With more than 25 years navigating as a business professional and trained to deal with issues by working harder, being more creative or tapping into bigger resources, I could “fix” anything. Suddenly, the reality hit me right between the eyes. I couldn’t “fix” this.

I slowly realized my priorities needed to change and my approach needed to change, too.

Over the next several months, the smiling, spirited, loving, stubbornly Irish woman I called Mom, became my best friend in a new way. I began to live in the moment and enjoyed things as they happened. I faced things one-day-at-a-time. The anger about why her, why me and all the other whys stopped. The focus instead turned to: What can I do to bring some happiness, some moment of joy into our lives every day? Easier said than done on some days. Then I realized, not every day is a good day for me either; so we allow ourselves good and bad days. It is that simple.

The days that I can achieve the giggles and the smiles are priceless to me. I can have a terrible day at the office, but step into her room and be transformed. I see the smile as she beckons me to come to her to collect my daily hug and kiss and when I do, I am five-years-old all over again. Her love shines through, not the illness, and actually, sometimes, I think in spite of it.
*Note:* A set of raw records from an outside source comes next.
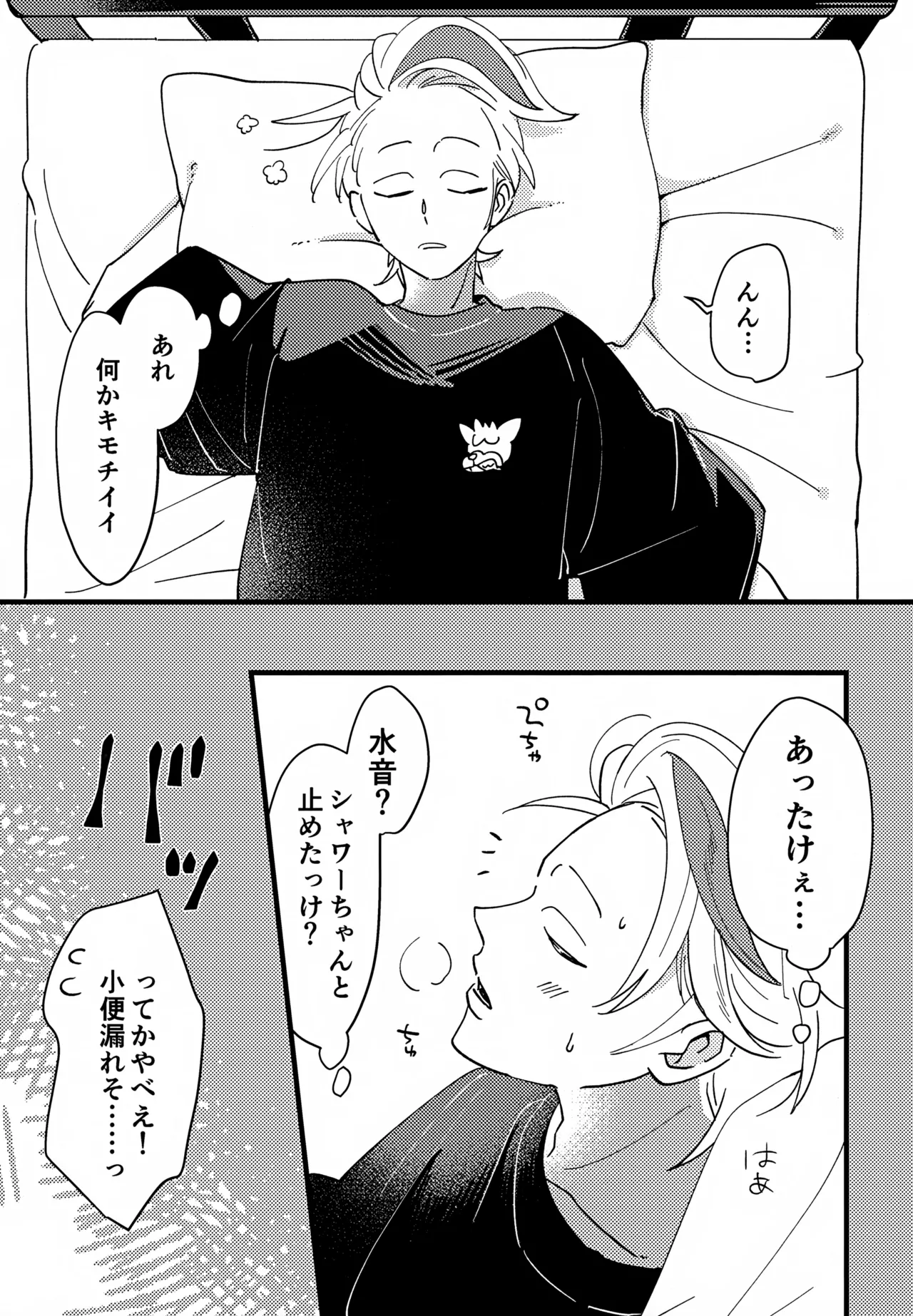 Sugureta Asa no Okoshikata page 3 full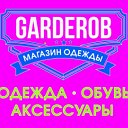 ShowroomGarderob ОДЕЖДА ДЛЯ ВСЕЙ СЕМЬИ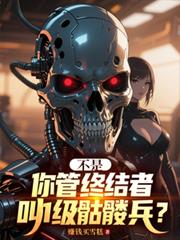 ����С˵:���ǣ�����ս��߽�1�����t����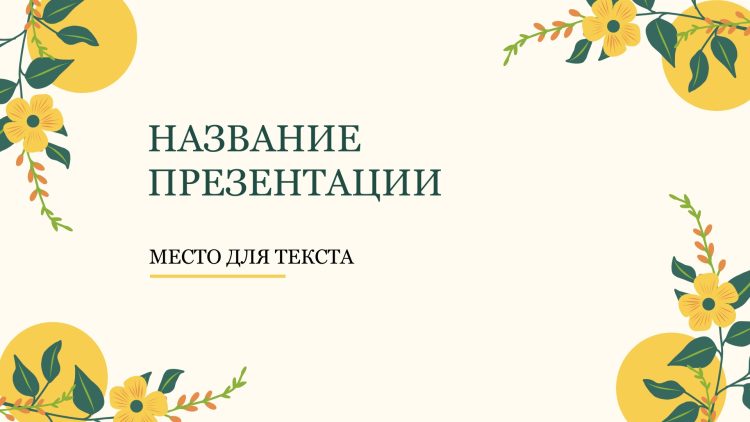 Желтый шаблон презентации #8 - Универсальный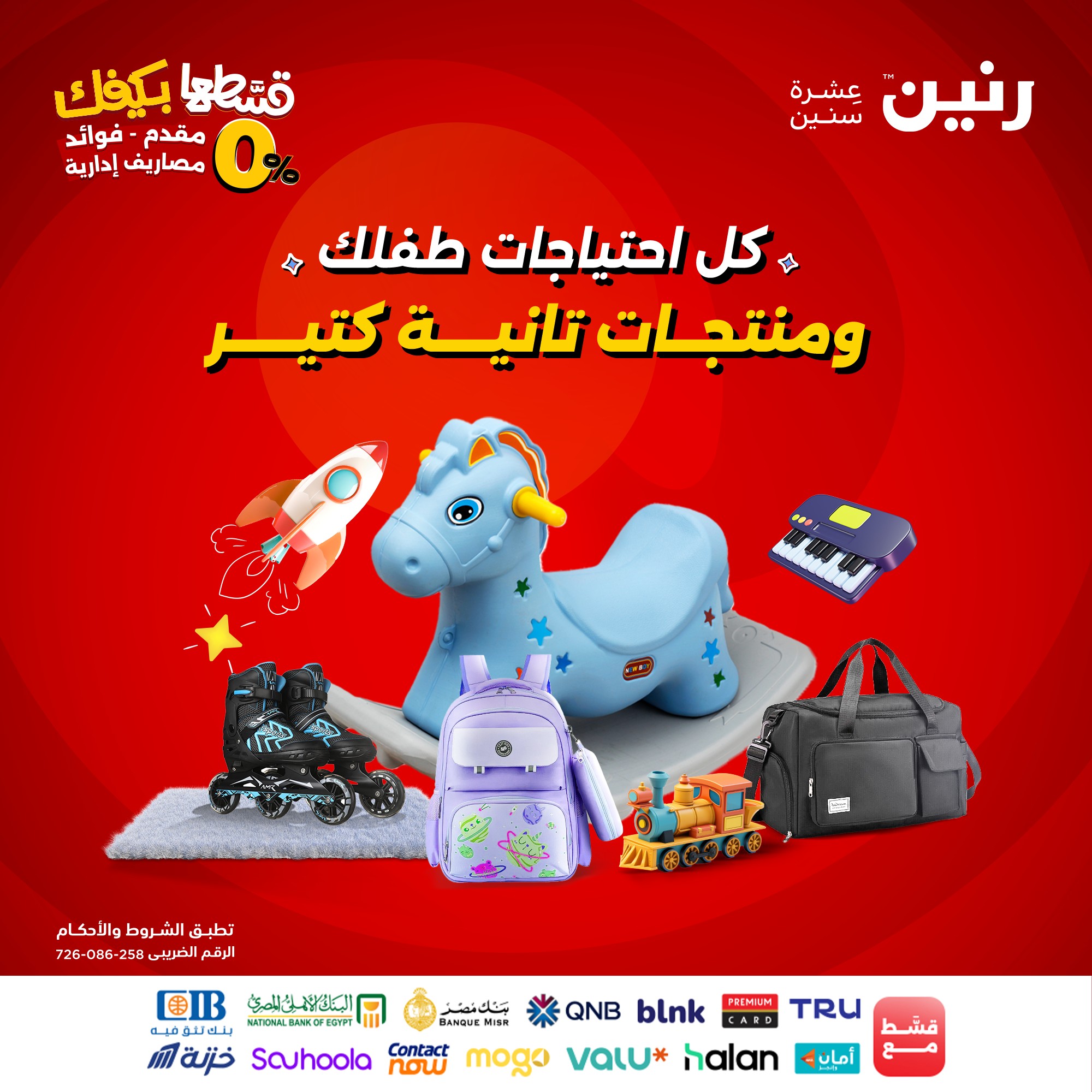 raneen offers from 12sep to 2sep 2025 عروض رنين من 12 سبتمبر حتى 2 سبتمبر 2025 صفحة رقم 121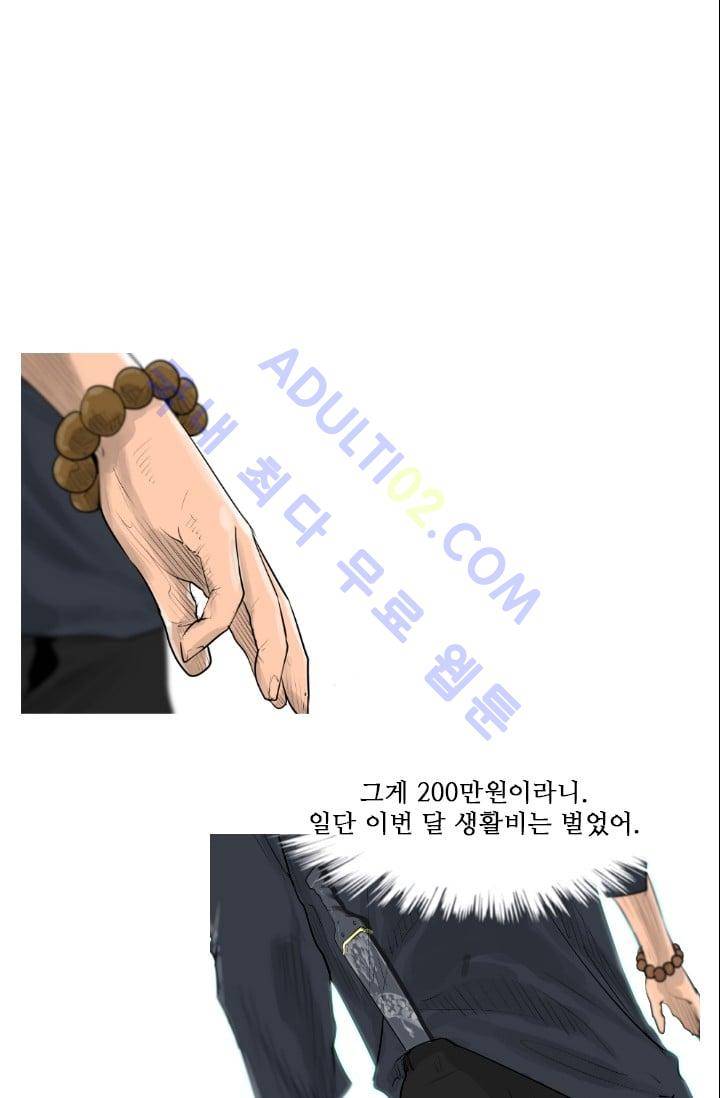 마귀(카카오)  9화 1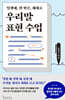 우리말 표현 수업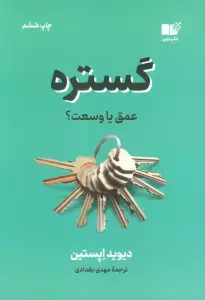 گستره (عمق یا وسعت؟)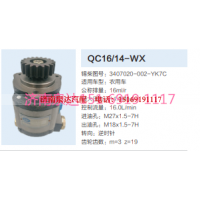 QC16/14-WX,动力转向齿轮泵,济南泉达汽配有限公司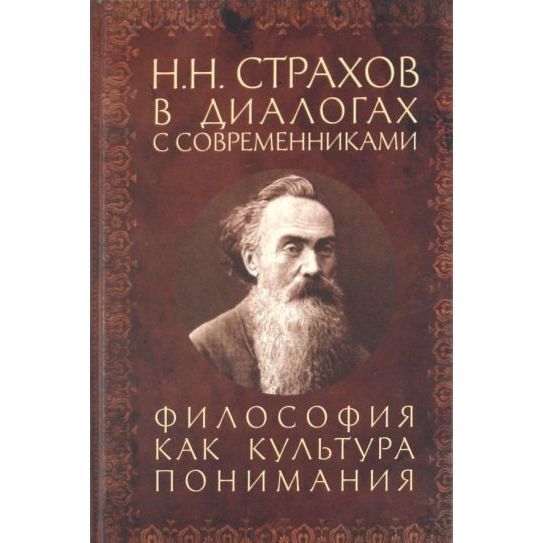 Н н страхов. Страхов н. н. книги. Один из самых известных философских очерков н.н. Страхова называется. Страхов н. н. борьба с Западом (русская цивилизация) 2010.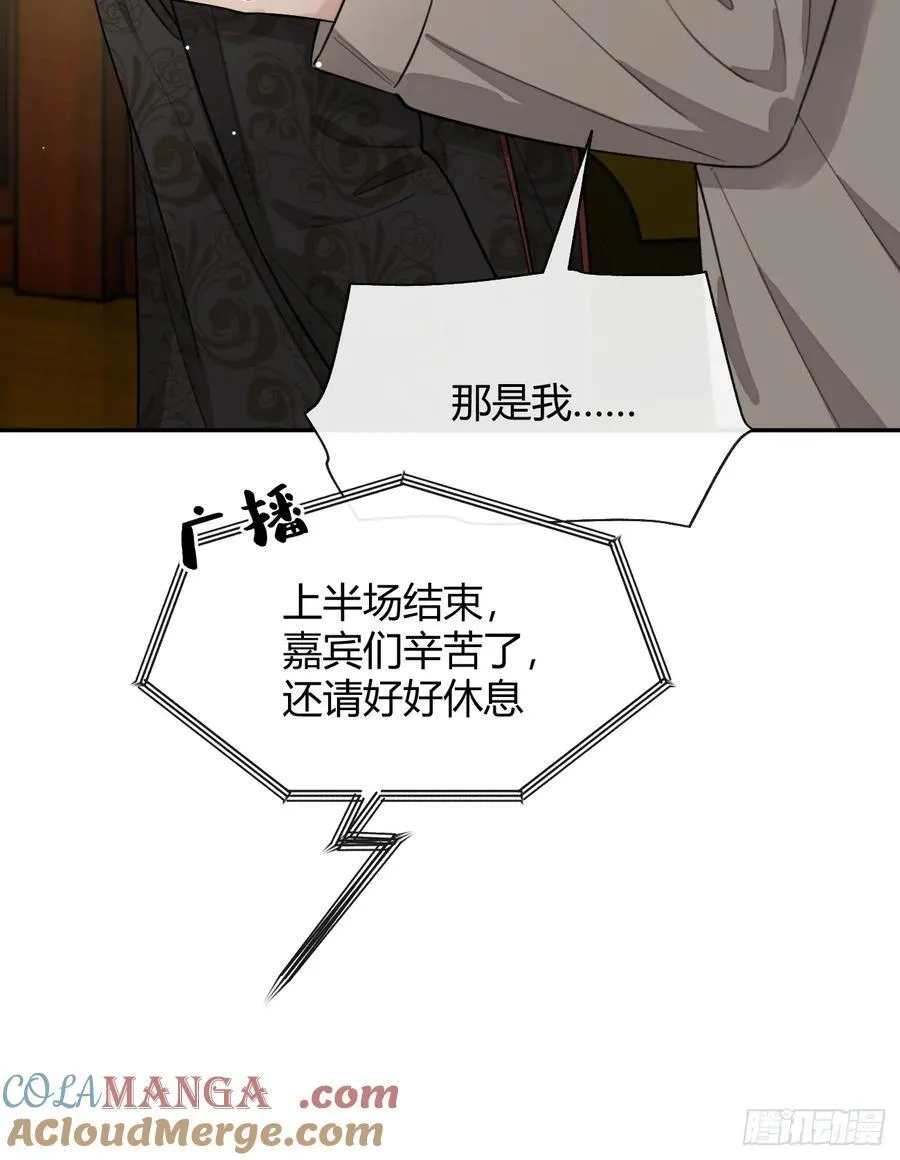 116.一起下地狱吧9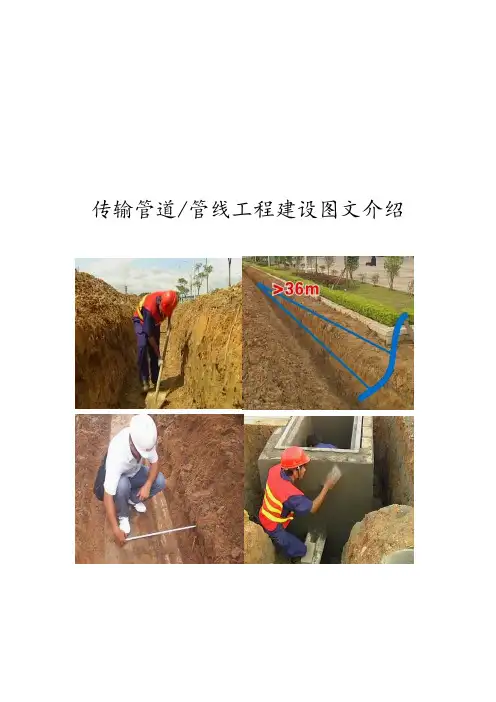 一建【通信】27、通信传输管道、管线工程建设指导图册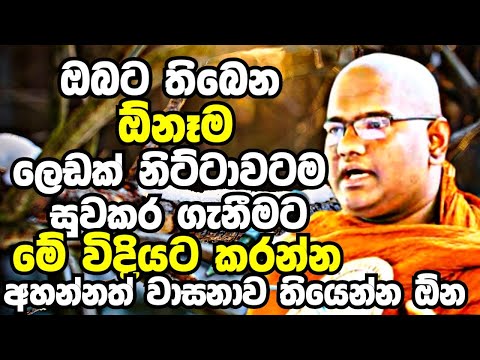 ඔබට තිබෙන ඕනෑම ලෙඩරෝගයක් නිට්ටාවටම සුවකර ගැනීමට මේ විදියට කරන්න | Mathara Mahinda Thero Bana 2023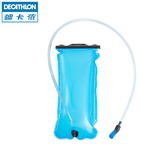迪卡侬 水袋包内胆 1-2L 骑行户外饮水袋 折叠水袋耐磨 A BTWIN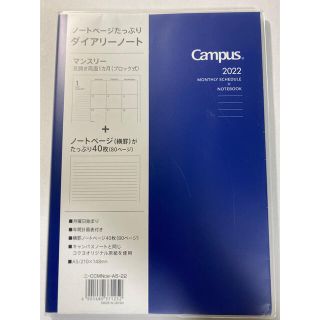 コクヨ(コクヨ)のコクヨ キャンパスダイアリー 手帳 2022年 ノート A5 マンスリー(手帳)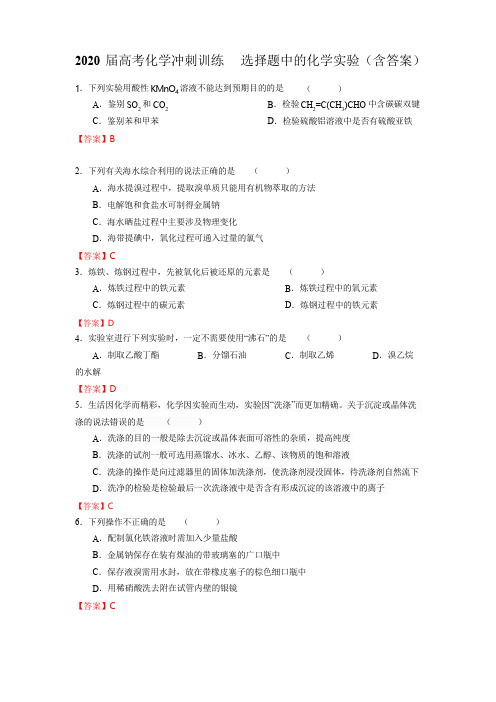 2020届高考化学冲刺训练  选择题中的化学实验(含答案)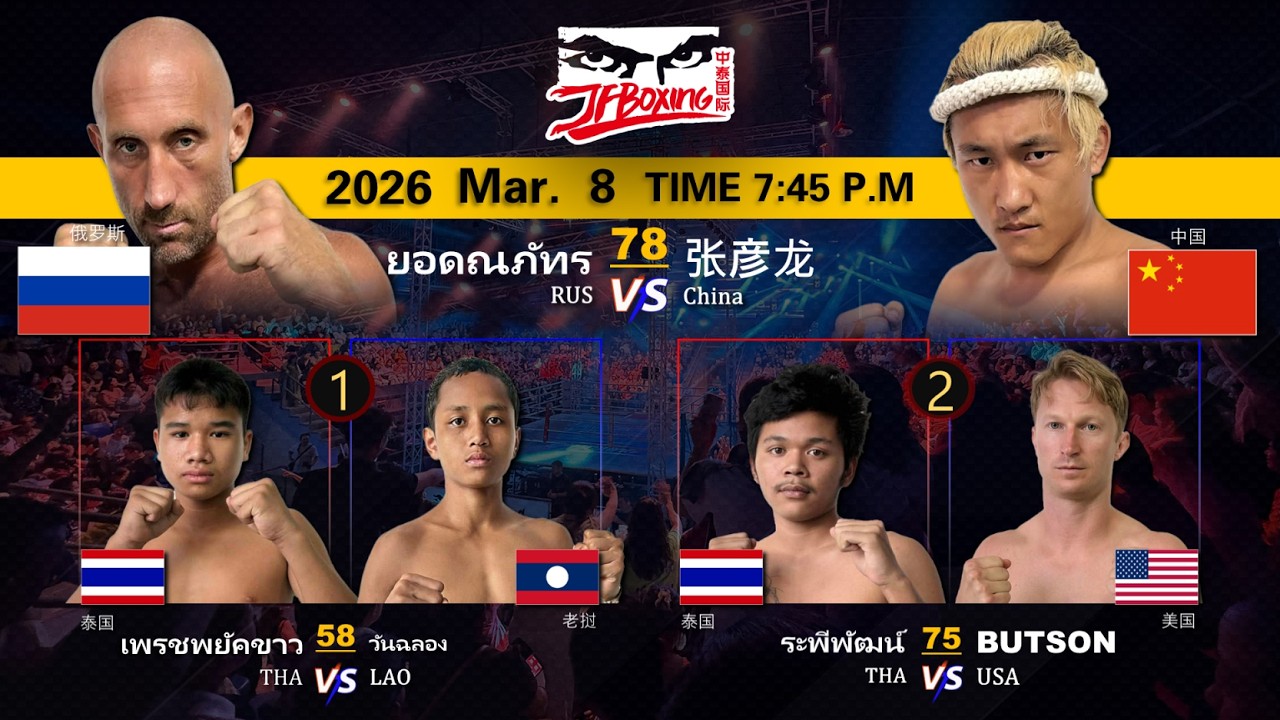 JF Pumphanmuang Fight  08/03/2026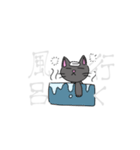 黒猫の黒ごま。（個別スタンプ：15）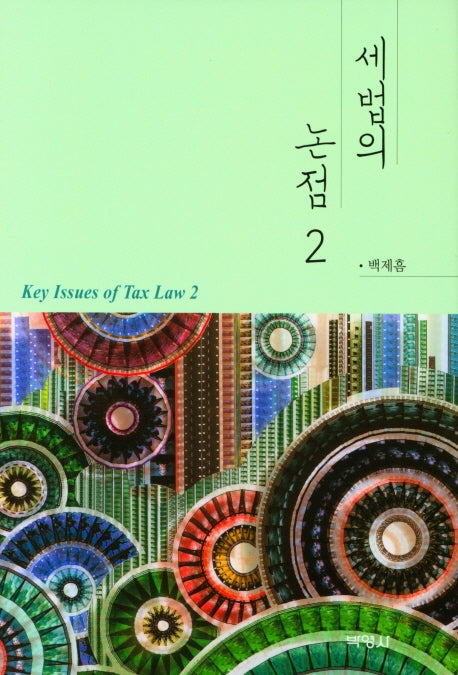 세법의 논점 2(양장본 Hardcover)
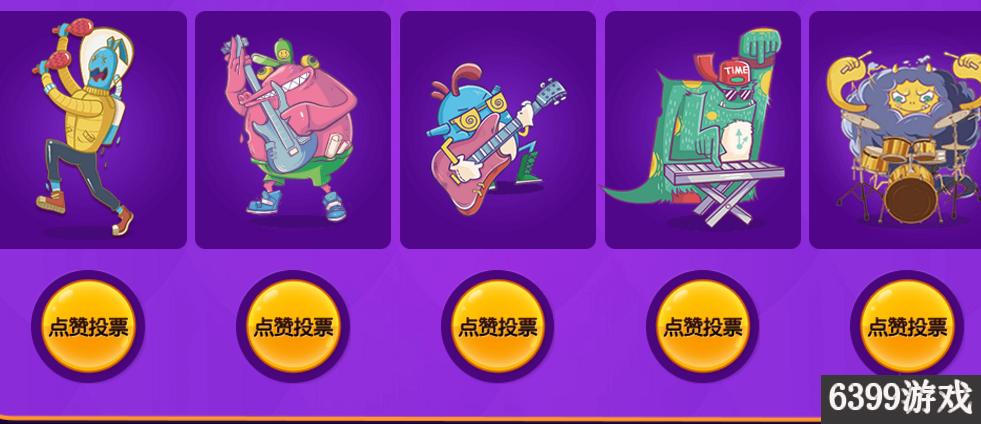 qq飞车1666元s车秒杀活动,qq飞车11月18-19日活动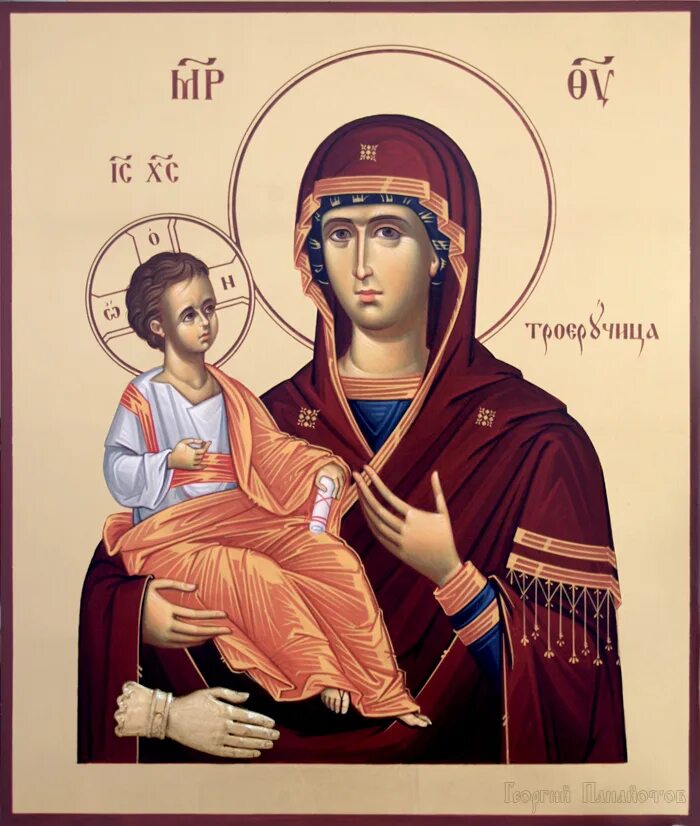 Пресвятая богородица икона. Икона Богоматери Троеручица. Икона Богородицы Троеручица. С праздником иконы Божией матери Троеручица. Троерукая икона Божьей матери.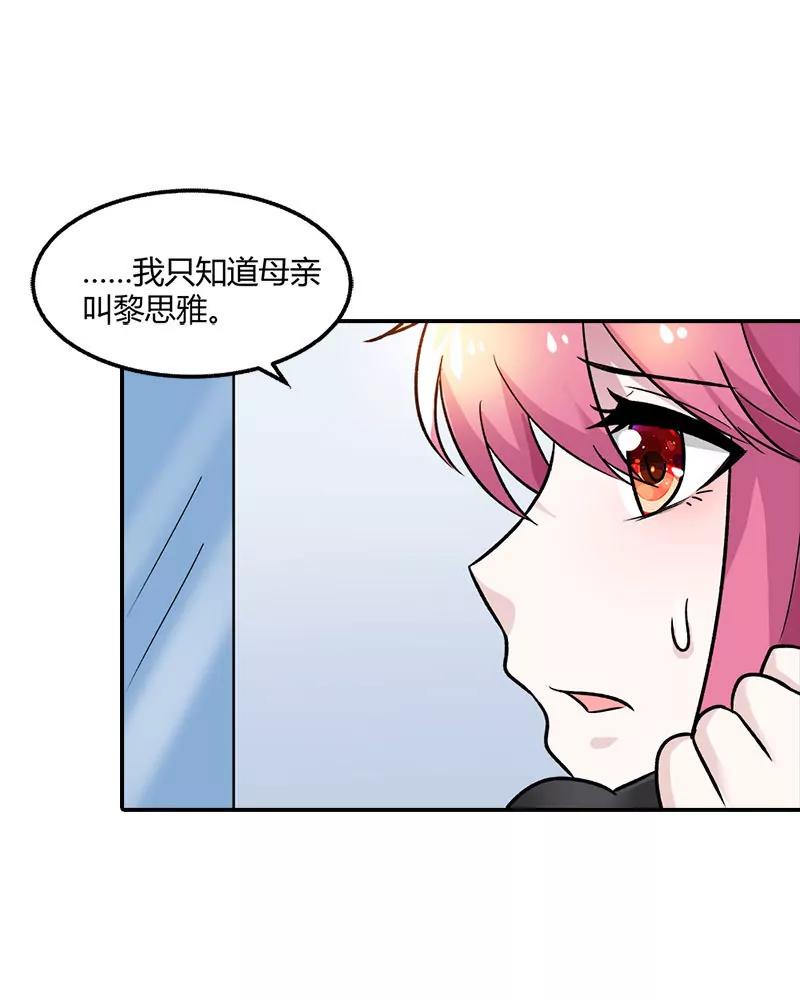 《总裁的药引》家族恩怨 第22页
Though the verbal communication can be garbled some days, on others it can be clear enough to hear: “Where have you been?” or “Sit with me.” I pay attention. I soothe. Don’t get me wrong, I have some days I title: “Until the Hot Water Runs Out” which means I cry in the shower and let the frustration and sadness flow –until the hot water runs out. It helps and it keeps me sane, every now and then.

I am blessed to have some wonderful guardian angel caregivers as well. Each brings their special gift of love, spirit and personality to my mom and she appreciates them all in her own way. Each communicates differently, some kind words, a wink, a nod, a special language all their own.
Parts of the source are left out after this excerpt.